Challen · 17/10/2012 22:54

One pre-schooler, one age 5.5

Contact has been zero or sporadic over the last 3 years, father lives 200 miles away. He suddenly wants full custody and/or access.

What sort of contact arrangements would practically work when one child is at school, one is at nursery, father refuses to travel down here and stay in an hotel. How exactly could contact happen?
Could the courts force me to coach or bus 200 miles away (I don't drive) on a Friday night after school and back again on a Sunday night?

It's all a bit bizarre.

I mean, what contact would you recommend, given the distance?

OP posts:
Halfcups · 17/10/2012 23:11

You need to get to a family/child specialist lawyer and get advice. Who moved 200 miles away? The solicitor will tell you it s all about the needs of the child. Why the need for full custody from your xp? It just does nt work like that!

avenueone · 17/10/2012 23:29

Like halfcup said it all depends on what has brought the distance about. A court will not look to make major changes to a child's life unless the child/ren are suffering in their current environment. What has brought about the sudden interest?

Challen · 18/10/2012 22:03

I moved away. DV issues. The sudden interest seems to be best explained in his latest test which is to 'cause me the most distress possible'.

OP posts:
avenueone · 18/10/2012 22:15

keep that text. do you have any police reports? don't engage in conversation with him - go through a solicitor if you can. Read up as much as you can about the process.

HopingItllBeOK · 18/10/2012 22:25

Keep the text, back it up onto a computer and external hard drive if you can, just in case the Pre-schooler drops your phone on the kitchen floor and you lose it if you have any texts or solicitors letters showing that you have offered contact in the past and it has not been taken up, that will need backing up as well.

If my current experience is anything to go by, if you had a valid reason for the move and contact has been sporadic until now, then contact will be ordered to happen at least initially in the DC's home area. It will have to be your local court that he applies to and he will have to travel there for hearings and the like. It will also be ordered that contact is arranged so as to not disrupt the children's education at all, so school holidays and weekends.

Quite simply, the court will likely take a very dim view of a father who is claiming he wants to see his kids more, to the extent that he goes to court for it, then refuses to actually put any effort in himself to get there. His past refusals may well work in your favour, in that it makes you look like the reasonable party and him look like a petulant whiny foot stomper, so any arrangements ordered are likely to go in your favour.

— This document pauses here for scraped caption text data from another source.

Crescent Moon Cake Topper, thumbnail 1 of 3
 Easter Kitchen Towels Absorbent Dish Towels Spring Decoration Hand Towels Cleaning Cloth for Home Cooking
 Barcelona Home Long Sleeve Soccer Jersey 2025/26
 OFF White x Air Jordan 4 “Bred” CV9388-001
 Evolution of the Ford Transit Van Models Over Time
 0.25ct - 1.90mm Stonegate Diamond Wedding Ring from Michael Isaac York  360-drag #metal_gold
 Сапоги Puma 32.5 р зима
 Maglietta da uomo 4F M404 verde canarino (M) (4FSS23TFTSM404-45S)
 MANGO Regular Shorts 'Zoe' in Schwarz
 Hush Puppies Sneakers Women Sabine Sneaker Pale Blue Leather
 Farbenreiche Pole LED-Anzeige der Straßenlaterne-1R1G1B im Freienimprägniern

You would need to consider what sort of contact you want the DC to have though, overnight, supervised, unsupervised etc. If supervised, consider whether you want to be there yourself or you want someone else known to your DC to be there, at least initially.

avenueone · 19/10/2012 00:20

hopingitwillbeok you talk a lot of sense and I myself have benefited from that information - thank you. Sorry to hear you have had to go through it though, you sound like you have a very balanced mind.